We can represent the strip of paper as a $10" \times 1"$ rectangle that has two (2) $10" \times 0.5"$ rectangles stacked immediately above and immediately below it. The two smaller rectangles represent the ``other side'' of the strip. Since this is a M\"{o}bius strip, the orientation of the left and right sides of the rectangles are reversed, so for instance lower left and upper right corners of the 10" \times 1" rectangle are the same point and same with the upper left and lower right. Meanwhile, the upper edge of the upper smaller rectangle and lower edge of the lower smaller rectangle are the same. Additionally, the midpoint of left side of the $10" \times 1"$ rectangle is simultaneous the upper right corner of the upper smaller rectangle and the lower right corner of the lower smaller rectangle, and vice versa with the midpoint of the right side of the larger rectangle. That was confusing enough, so let's set up a frame of reference and see if we can measure something, eh?

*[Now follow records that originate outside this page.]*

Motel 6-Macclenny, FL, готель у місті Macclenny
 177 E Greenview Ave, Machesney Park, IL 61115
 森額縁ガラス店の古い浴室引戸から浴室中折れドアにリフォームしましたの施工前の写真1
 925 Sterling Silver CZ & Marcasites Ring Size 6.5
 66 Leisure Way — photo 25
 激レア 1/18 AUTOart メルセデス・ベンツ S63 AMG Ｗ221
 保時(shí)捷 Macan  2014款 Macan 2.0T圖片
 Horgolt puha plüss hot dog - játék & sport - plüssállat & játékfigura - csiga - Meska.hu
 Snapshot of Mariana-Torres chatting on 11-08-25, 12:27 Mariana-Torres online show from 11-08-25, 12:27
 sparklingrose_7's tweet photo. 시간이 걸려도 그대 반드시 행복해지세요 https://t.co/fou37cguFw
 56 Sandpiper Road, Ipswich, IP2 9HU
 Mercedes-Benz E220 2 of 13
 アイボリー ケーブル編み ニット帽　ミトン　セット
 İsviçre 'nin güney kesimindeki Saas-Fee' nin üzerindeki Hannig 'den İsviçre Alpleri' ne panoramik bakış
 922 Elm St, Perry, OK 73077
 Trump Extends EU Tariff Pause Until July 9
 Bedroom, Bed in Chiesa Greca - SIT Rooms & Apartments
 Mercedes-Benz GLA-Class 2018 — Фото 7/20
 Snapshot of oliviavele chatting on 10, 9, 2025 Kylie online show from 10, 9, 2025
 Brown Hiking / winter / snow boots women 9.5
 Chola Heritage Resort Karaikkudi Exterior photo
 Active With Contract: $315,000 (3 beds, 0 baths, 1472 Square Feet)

Assume the larger rectangle is given by $\{ (x,y) \mid 0 \leq x \leq 10, |y| \leq 0.5 \},$ with the upper and lower smaller rectangles given by $\{ (x,y) \mid 0 \leq x \leq 10, 0.5 \leq \pm y \leq 1 \},$ respectively. Finally, without loss of generality, assume that your mark is made at the origin. Then since the points $(0,0)$, $(10,1)$ and $(10,-1)$ are synonymous, the ``as the ant crawls'' metric is given by $$d(x,y) = \min \{ \sqrt{x^2+y^2}, \sqrt{ (x-10)^2 + (y-1)^2 }, \sqrt{ (x-10)^2 + (y+1)^2 } \}.$$ Maximizing this metric over the set $\{ (x,y) \mid 0 \leq x \leq 10, |y| \leq 1 \}$ gives the maximum possible distance away of $$d^* = \max_{ 0\leq x \leq 10, |y| \leq 1 } d(x,y) = 5.05,$$ which is obtained at the point $(x^*, y^*) = (5.05, 0)$ which is synonymous with the points $(4.95, \pm 1).$